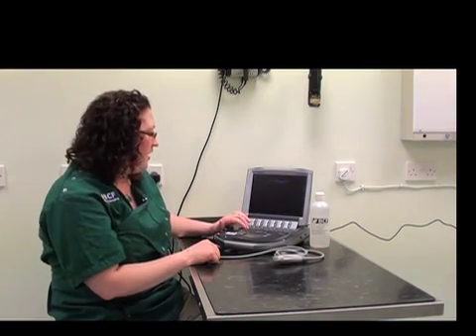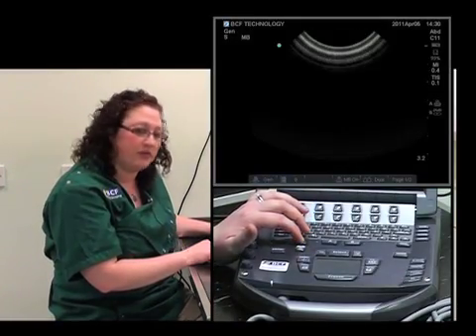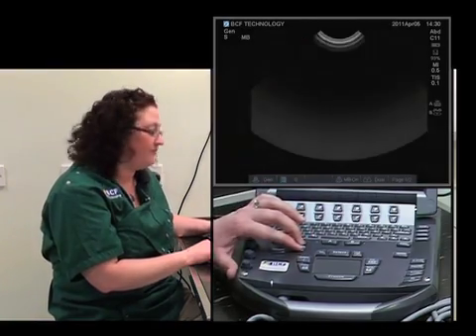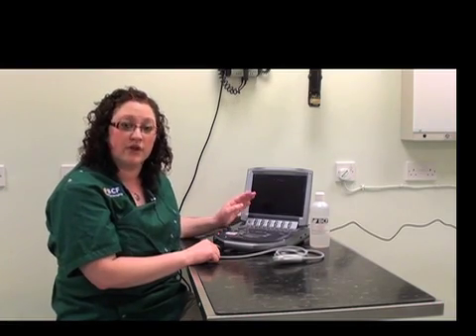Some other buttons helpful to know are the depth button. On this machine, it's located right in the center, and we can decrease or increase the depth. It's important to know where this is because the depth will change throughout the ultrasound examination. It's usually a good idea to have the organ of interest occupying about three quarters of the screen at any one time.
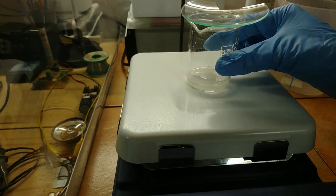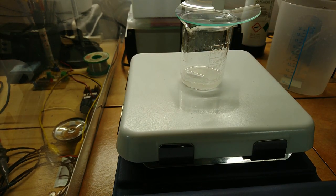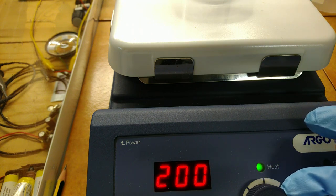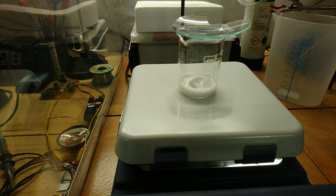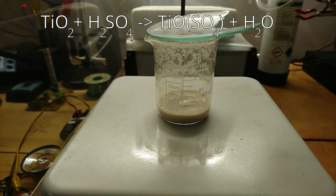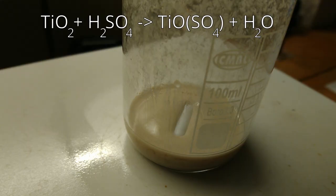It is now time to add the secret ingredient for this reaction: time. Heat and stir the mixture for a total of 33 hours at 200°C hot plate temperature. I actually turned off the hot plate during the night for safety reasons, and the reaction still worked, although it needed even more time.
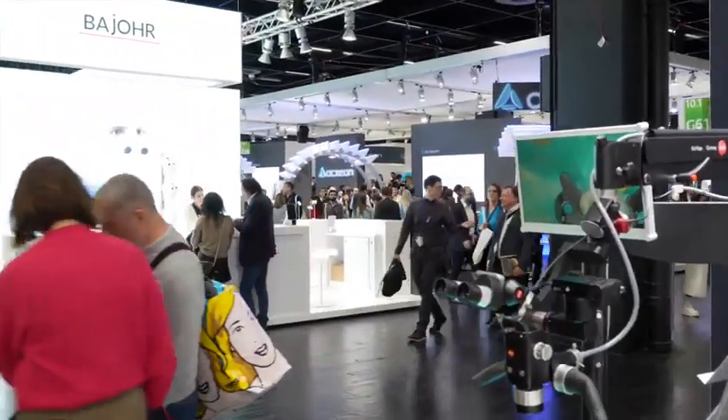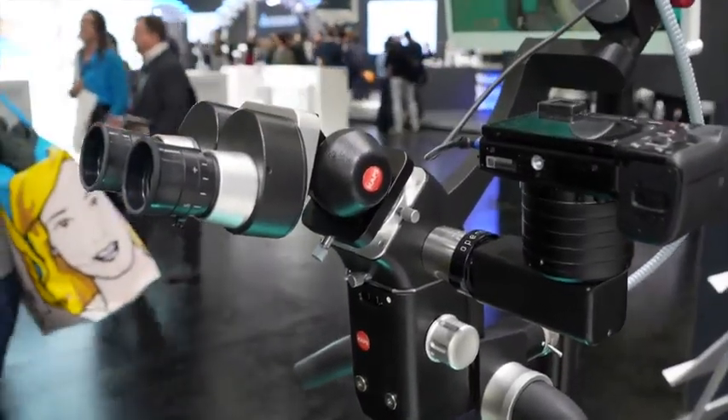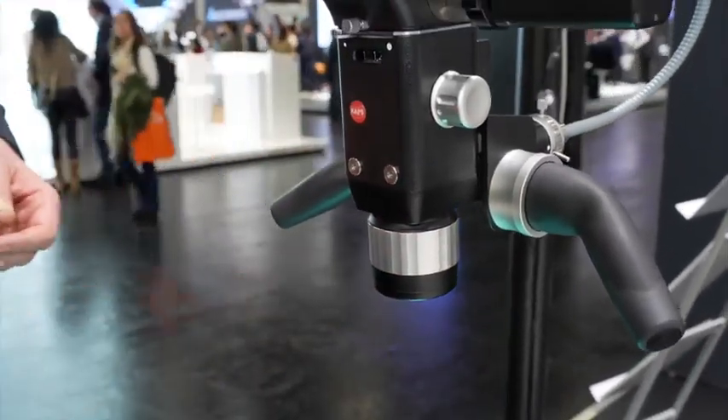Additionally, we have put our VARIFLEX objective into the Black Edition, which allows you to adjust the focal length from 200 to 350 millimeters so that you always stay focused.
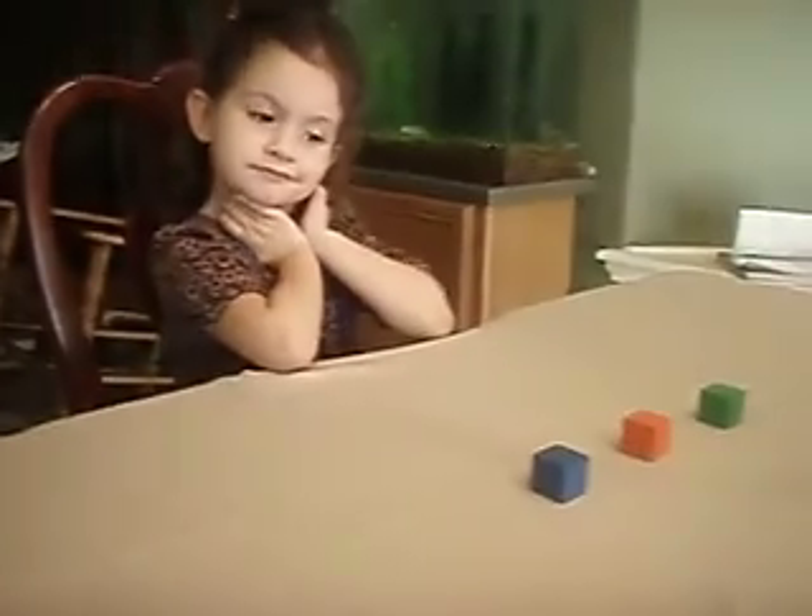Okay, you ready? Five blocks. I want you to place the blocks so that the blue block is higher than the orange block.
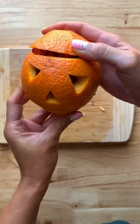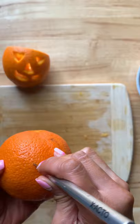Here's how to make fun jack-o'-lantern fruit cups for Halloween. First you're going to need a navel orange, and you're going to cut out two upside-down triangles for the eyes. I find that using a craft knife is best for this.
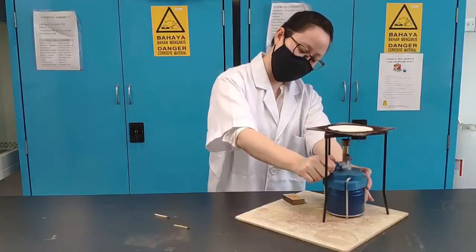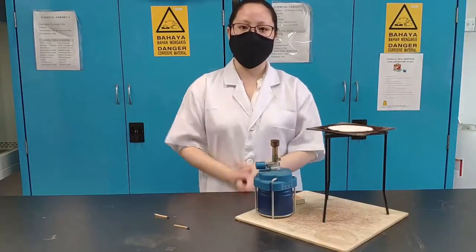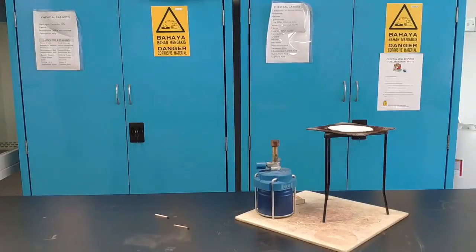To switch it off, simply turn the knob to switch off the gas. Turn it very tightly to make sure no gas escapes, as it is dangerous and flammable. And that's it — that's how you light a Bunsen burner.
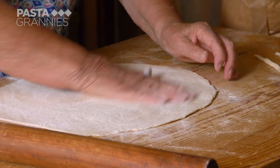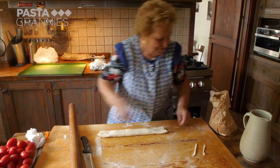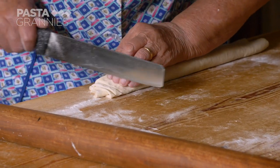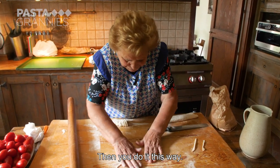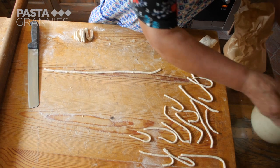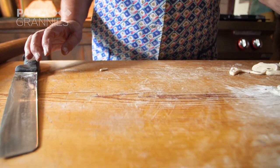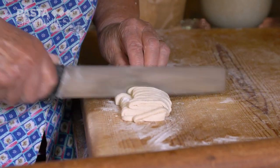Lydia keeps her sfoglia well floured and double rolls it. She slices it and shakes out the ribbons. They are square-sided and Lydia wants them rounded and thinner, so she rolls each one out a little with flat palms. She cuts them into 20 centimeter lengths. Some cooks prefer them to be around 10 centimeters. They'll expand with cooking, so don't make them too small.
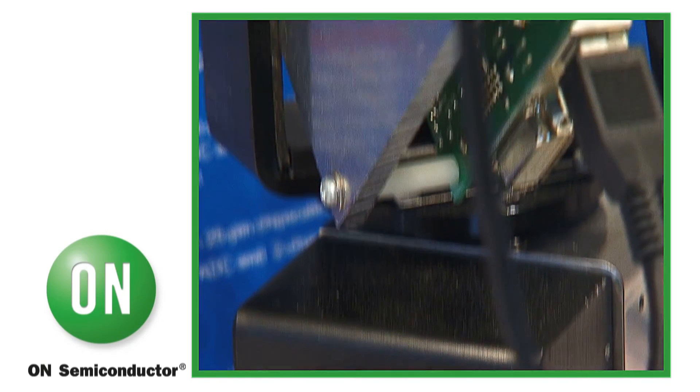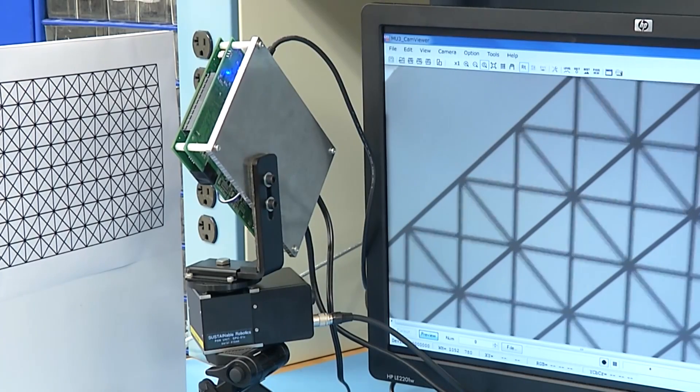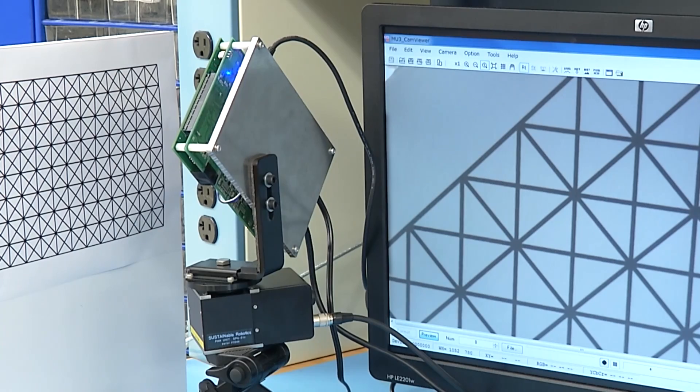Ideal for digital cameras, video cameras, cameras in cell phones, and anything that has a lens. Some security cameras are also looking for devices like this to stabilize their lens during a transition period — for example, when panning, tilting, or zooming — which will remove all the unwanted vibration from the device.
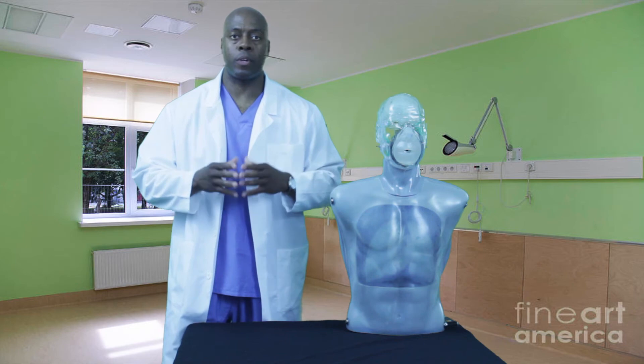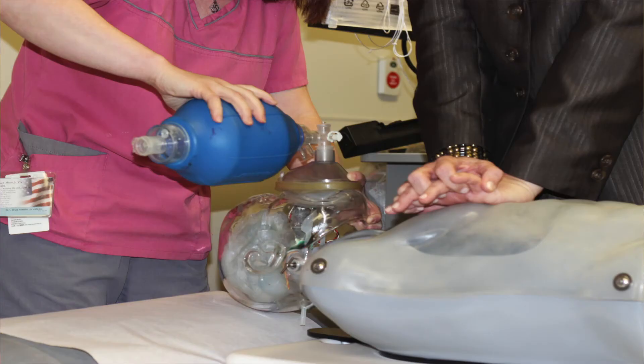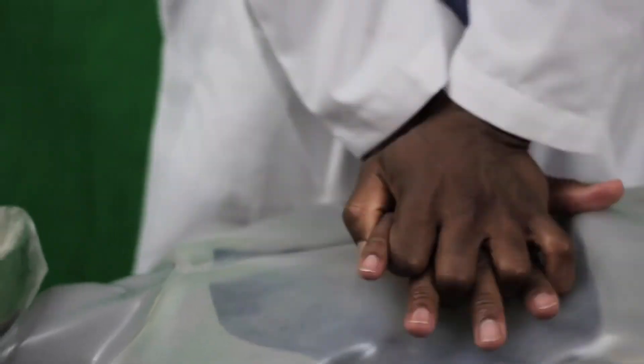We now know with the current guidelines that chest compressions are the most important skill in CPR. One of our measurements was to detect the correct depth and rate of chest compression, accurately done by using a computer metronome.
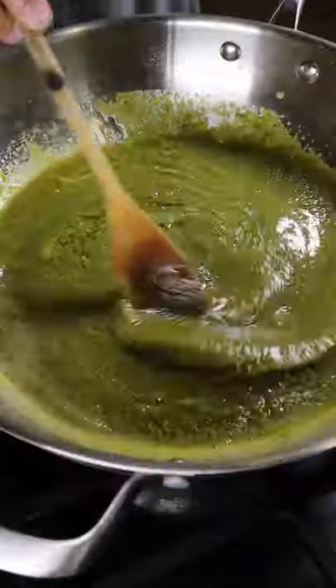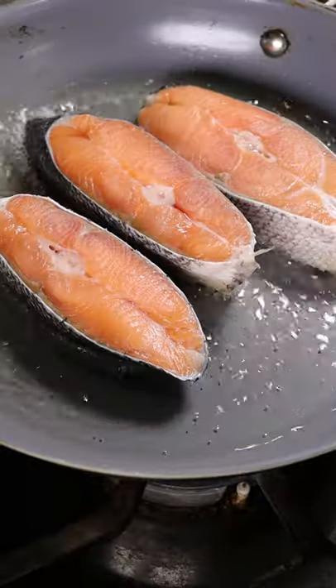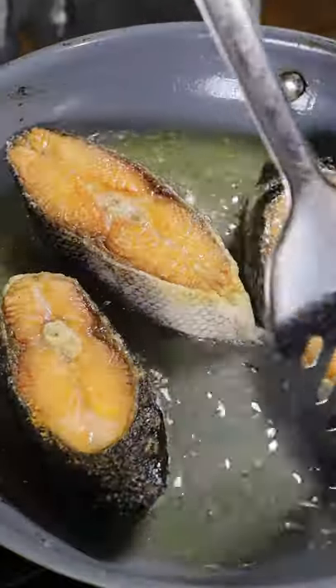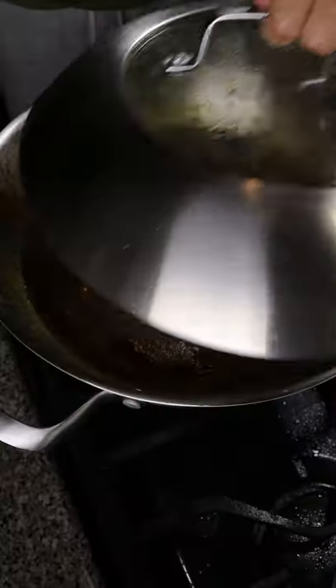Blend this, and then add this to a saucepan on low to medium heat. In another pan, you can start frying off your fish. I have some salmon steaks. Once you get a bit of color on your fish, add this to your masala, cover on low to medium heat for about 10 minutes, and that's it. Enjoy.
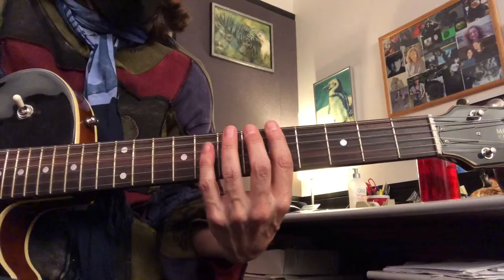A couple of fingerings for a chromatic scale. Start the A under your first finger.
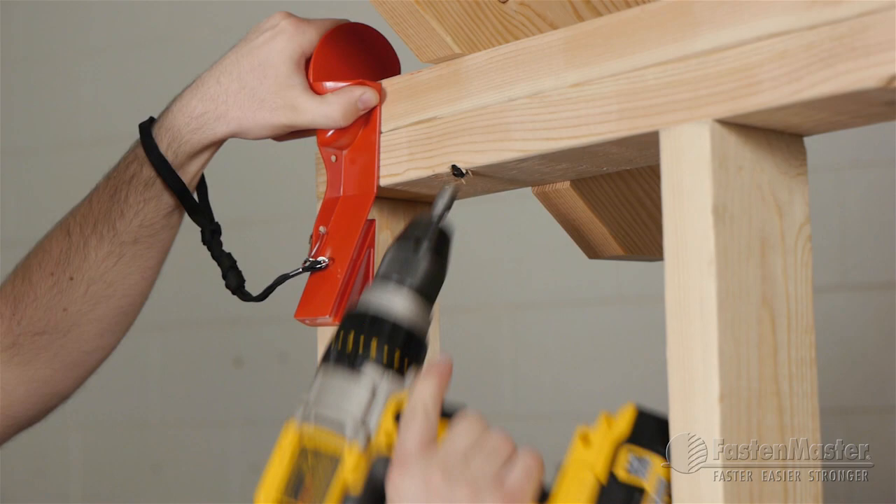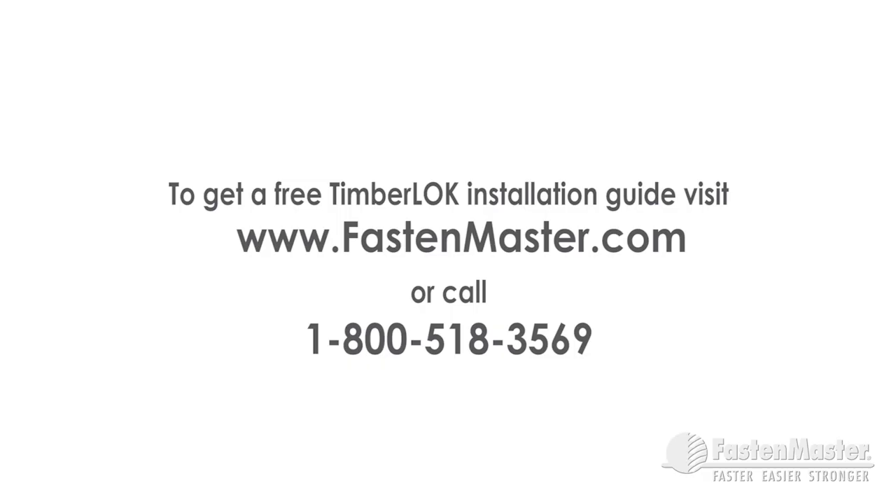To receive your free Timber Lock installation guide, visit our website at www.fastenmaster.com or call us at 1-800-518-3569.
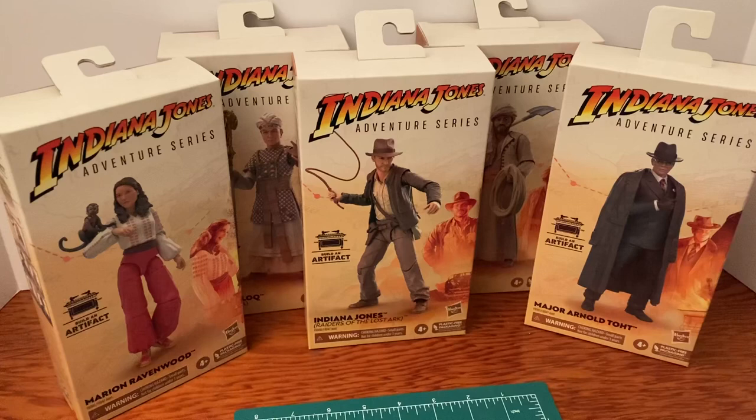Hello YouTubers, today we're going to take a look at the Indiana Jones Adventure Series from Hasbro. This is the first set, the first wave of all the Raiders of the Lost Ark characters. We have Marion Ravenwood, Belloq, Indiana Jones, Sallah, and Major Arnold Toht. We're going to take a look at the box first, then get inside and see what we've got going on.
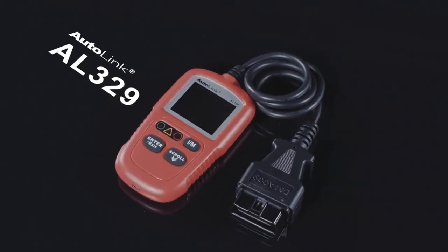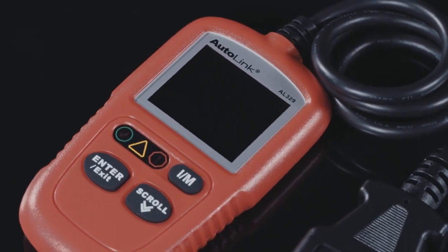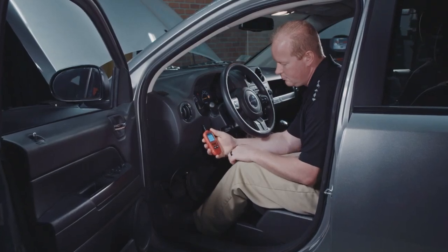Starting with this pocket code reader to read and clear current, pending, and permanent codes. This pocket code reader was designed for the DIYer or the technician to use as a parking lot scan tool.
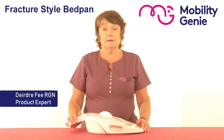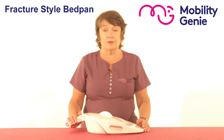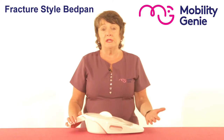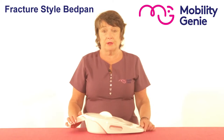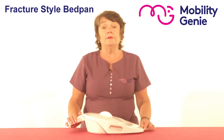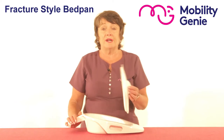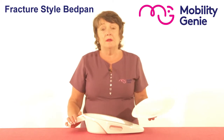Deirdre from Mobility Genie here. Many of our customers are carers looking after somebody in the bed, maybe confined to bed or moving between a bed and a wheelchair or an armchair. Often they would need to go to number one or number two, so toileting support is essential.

REQUIRED WORK » Your answer must be the exact lines from the start of the data through the line with "It is now time", inclusive, and nothing else; pictures do not belong in it.

EXERCISE RESULT »
Some other buttons helpful to know are the depth button. On this machine, it's located right in the center, and we can decrease or increase the depth. It's important to know where this is because the depth will change throughout the ultrasound examination. It's usually a good idea to have the organ of interest occupying about three quarters of the screen at any one time.
It is now time to add the secret ingredient for this reaction: time. Heat and stir the mixture for a total of 33 hours at 200°C hot plate temperature. I actually turned off the hot plate during the night for safety reasons, and the reaction still worked, although it needed even more time.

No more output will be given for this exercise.